§ **WHAT THIS TASK INVOLVES**
Only the pictures should be dropped; copy the rest of the entries exactly.

§ **DATA TO USE**
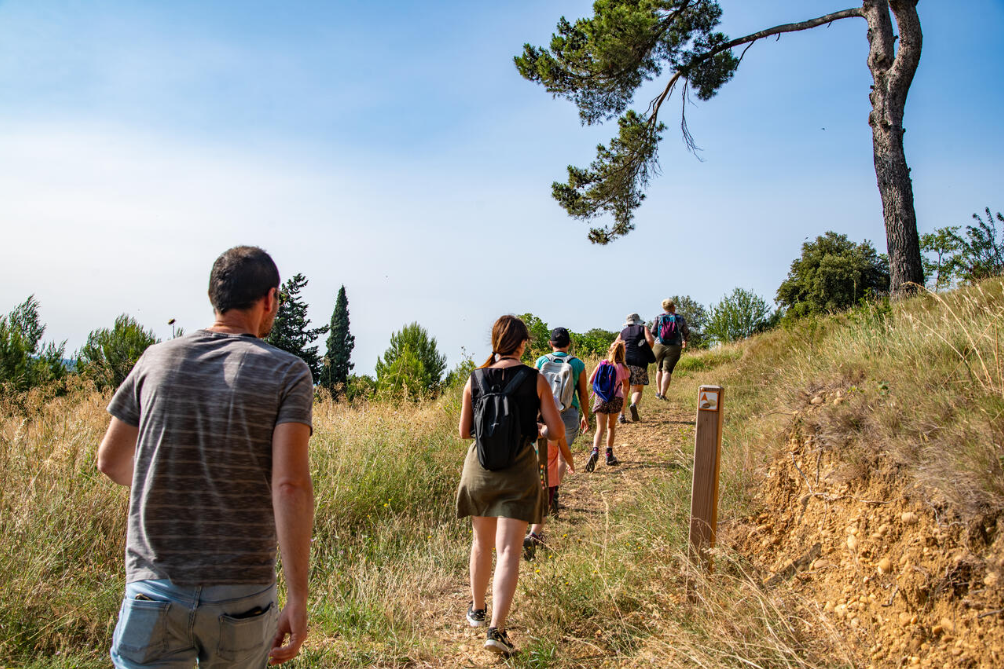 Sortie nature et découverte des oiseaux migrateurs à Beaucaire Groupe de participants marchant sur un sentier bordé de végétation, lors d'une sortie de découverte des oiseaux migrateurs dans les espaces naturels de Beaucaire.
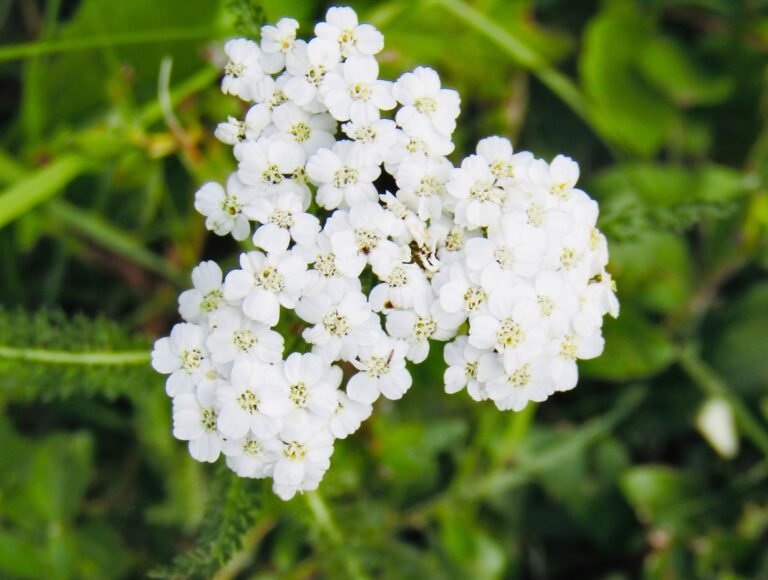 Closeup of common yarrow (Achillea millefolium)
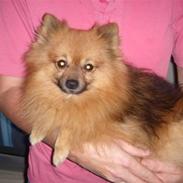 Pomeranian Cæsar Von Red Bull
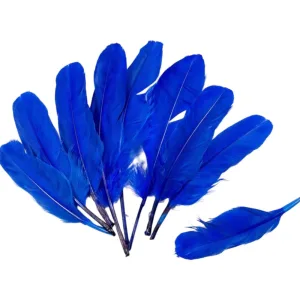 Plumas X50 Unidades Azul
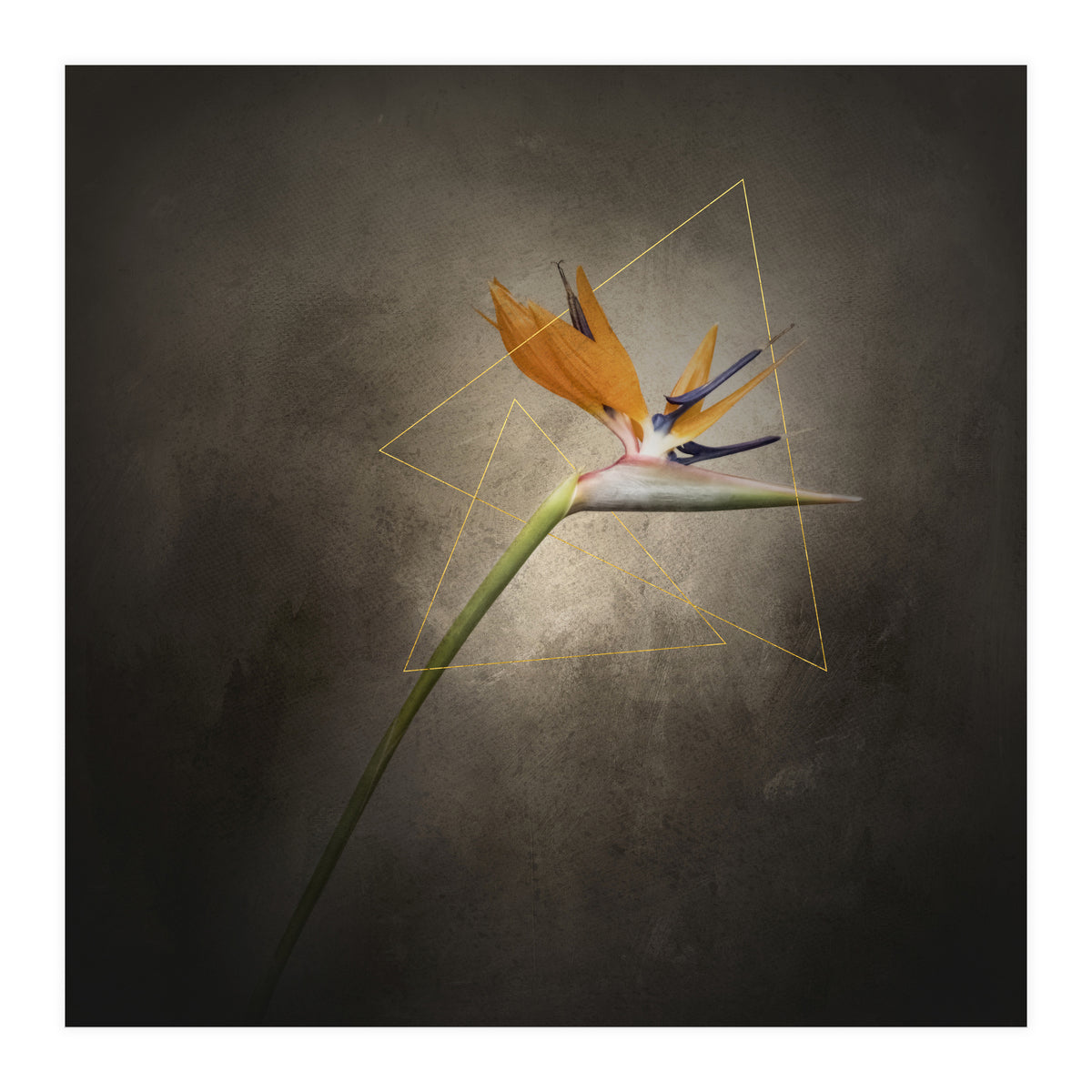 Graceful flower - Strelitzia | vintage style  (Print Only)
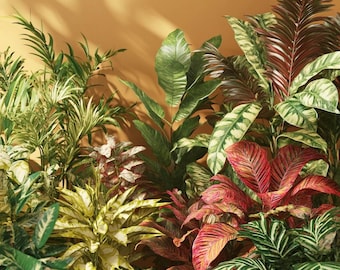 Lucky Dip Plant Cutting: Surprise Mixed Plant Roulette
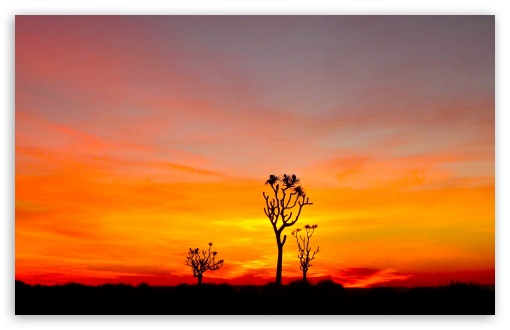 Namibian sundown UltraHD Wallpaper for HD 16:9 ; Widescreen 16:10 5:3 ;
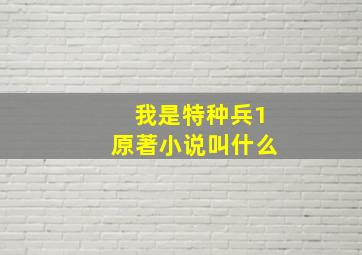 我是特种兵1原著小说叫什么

§ **ANSWER**
 Sortie nature et découverte des oiseaux migrateurs à Beaucaire Groupe de participants marchant sur un sentier bordé de végétation, lors d'une sortie de découverte des oiseaux migrateurs dans les espaces naturels de Beaucaire.
 Closeup of common yarrow (Achillea millefolium)
 Pomeranian Cæsar Von Red Bull
 Plumas X50 Unidades Azul
 Graceful flower - Strelitzia | vintage style  (Print Only)
 Lucky Dip Plant Cutting: Surprise Mixed Plant Roulette
 Namibian sundown UltraHD Wallpaper for HD 16:9 ; Widescreen 16:10 5:3 ;
 我是特种兵1原著小说叫什么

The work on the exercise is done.